Günün birinde birisi Asaf'ın canına kıymaya çalışırsa o kişinin canını alırdım.
Zihnimde ki bu öfkeli sese kulak asmadım. Doğru olsa bile. Asaf'ı kimse öldürmek istemiyordu sonuçta.
Parmaklarının saçlarımın arasında gezdiğini hissettim. "Beni vur, beni onlara verme." diye şarkıyı söylemeye başladı. Hemen gözlerimi ona çevirdim. Ah! Sesi kaçıncı dünya harikasıydı...
"Külümü al, uzak yollara savur. Dağılsın, dağlara dağılsın bu sevdamız ama sen ağlama dur." şarkıyı devam ettirmedi ve beni bu güzel sese mahrum bıraktı. "Sen sakın ağlama." dedi gözlerimin içine baktı. Bakışlarının derinliğinde boğulacak gibi hissetmiştim.
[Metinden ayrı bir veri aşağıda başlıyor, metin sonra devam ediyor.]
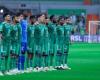 أخبار الكرة السعودية | كواليس تعاقد الأهلي السعودي مع ظهير الرياض | Elahlyfans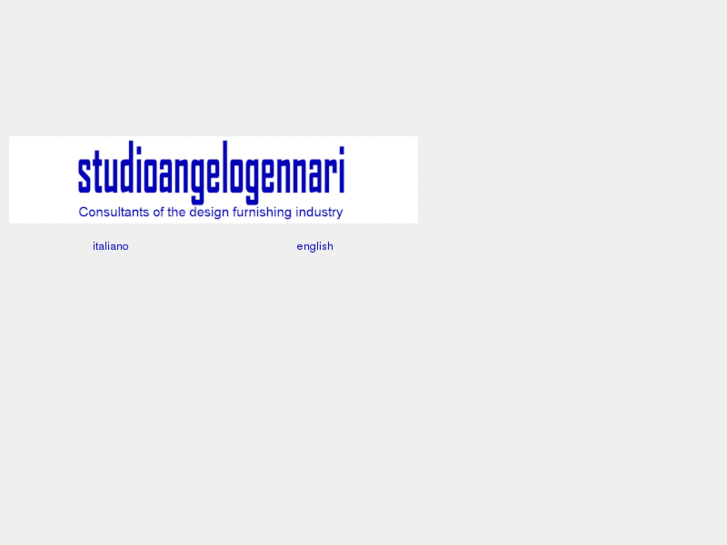 www.studioangelogennari.com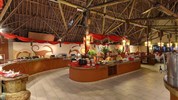 Baobab Beach Resort & SPA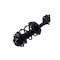 Fcs Struts Suspension Strut And Coil Spring Assembly 1333307R - alternate 3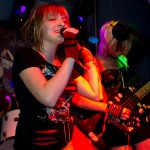 Animeparty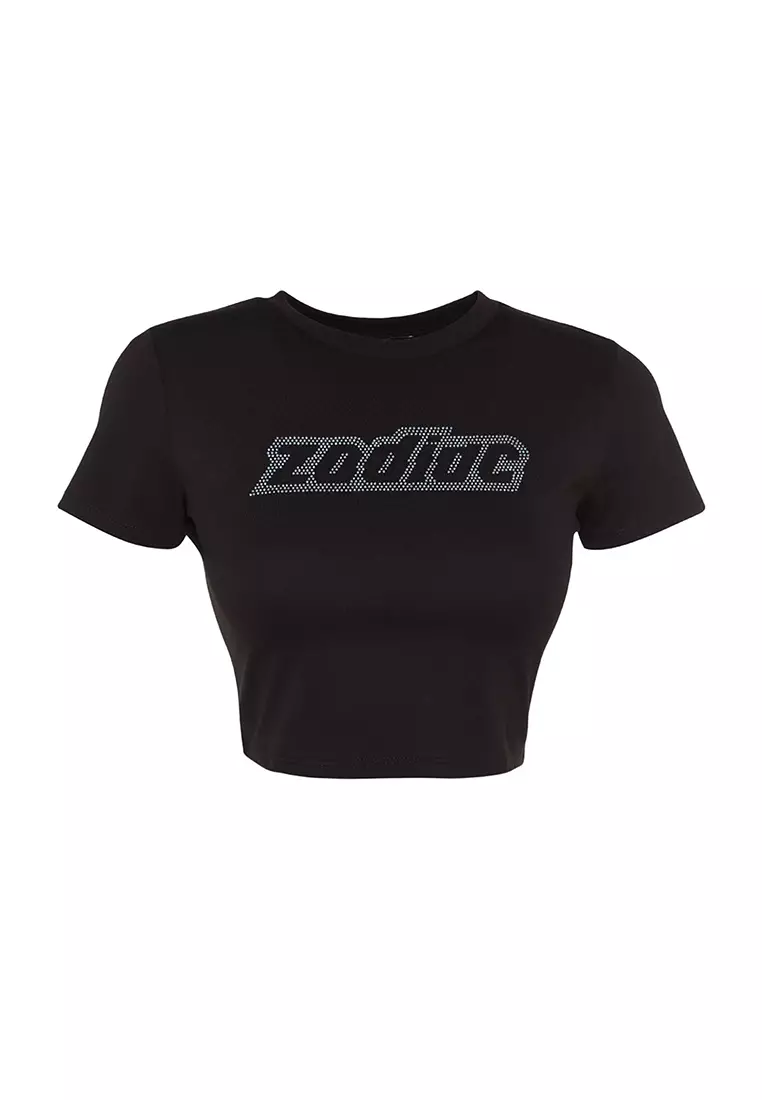Zodiac T-Shirt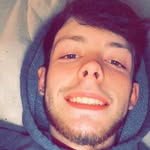 Chris Huskins - @chris_huskins - Instagram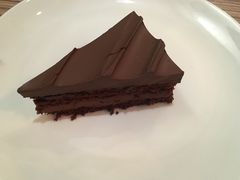 -榖屋house of flour(张江首店)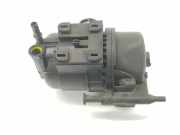 Kraftstofffiltergehäuse LR085987 Land + Range Rover Discovery Sport (LC) Geländewagen 2.0 TD4 180 16V (204DTD) 2017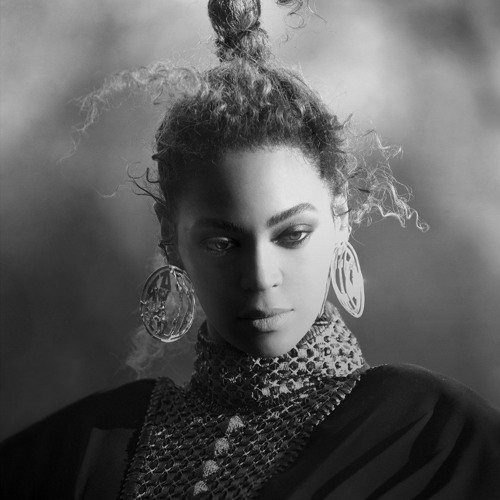 Stream Beyonce- YES (Nora Zion Edit) by NORA ZION | Listen online for ...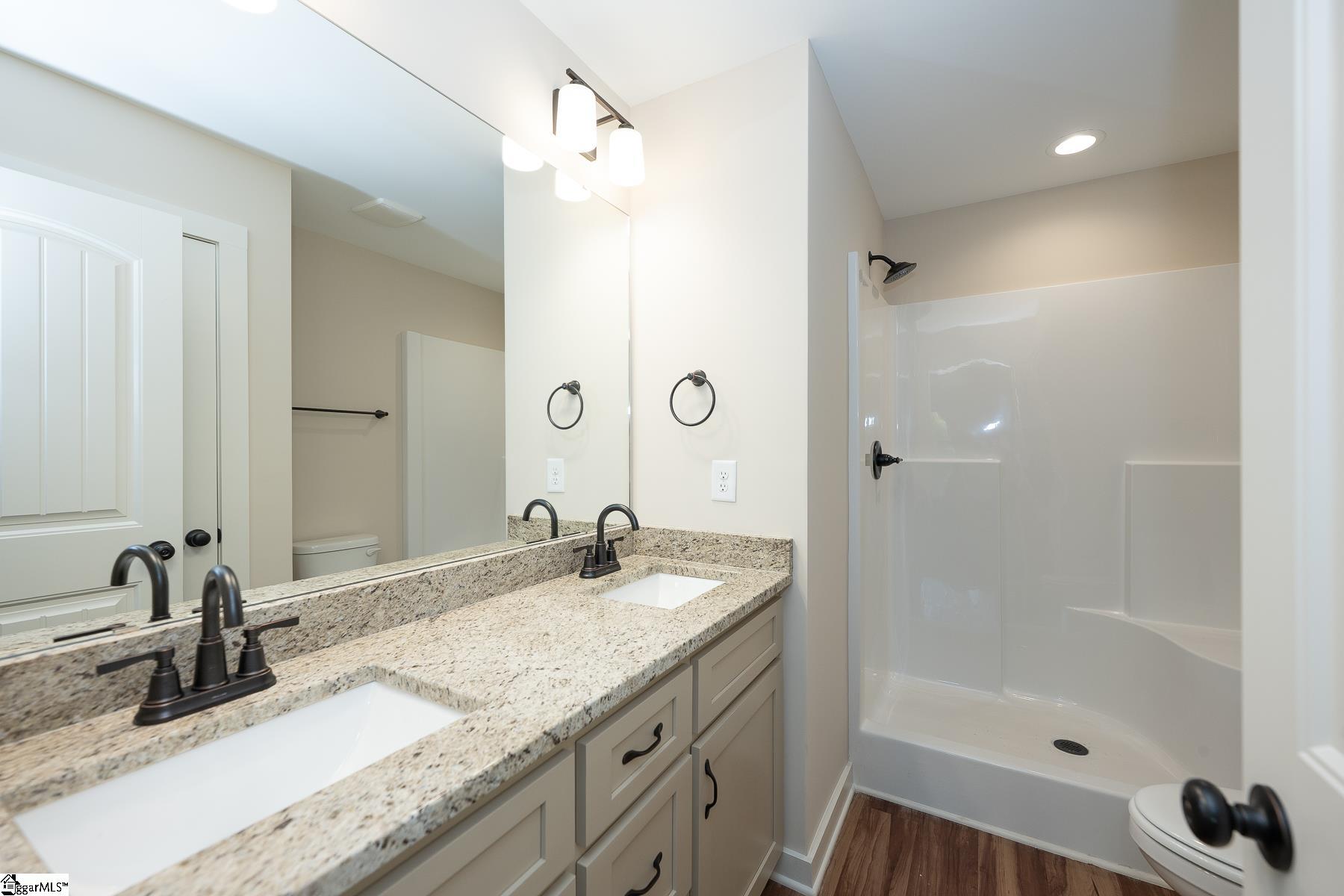 43 Simpson Creek Road Laurens, SC 29360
O bir okyanustu bense onun okyanusunda ki en değerli balık. Herkese sıradan, onun aşık olduğu.
"Sözler kifayetsiz kalıyor senin yanında Eflah." dedi. Asıl sözler onun yanında kifayetsiz kalıyor, manalarını yitiriyordu. "Aslında hem sözler kifayetsiz kalıyor, hem de anlam buluyor." dedi. Zıttı sözleri ama anlamlıydı da onun bana armağan ettiği sözler gibi.
Ve cennetten bir ruh kopup geldi ve gönlüme kondu. Tanrı'ya dua ettim. Bana onu bağışladığı için. Neydi o? Bir melek miydi?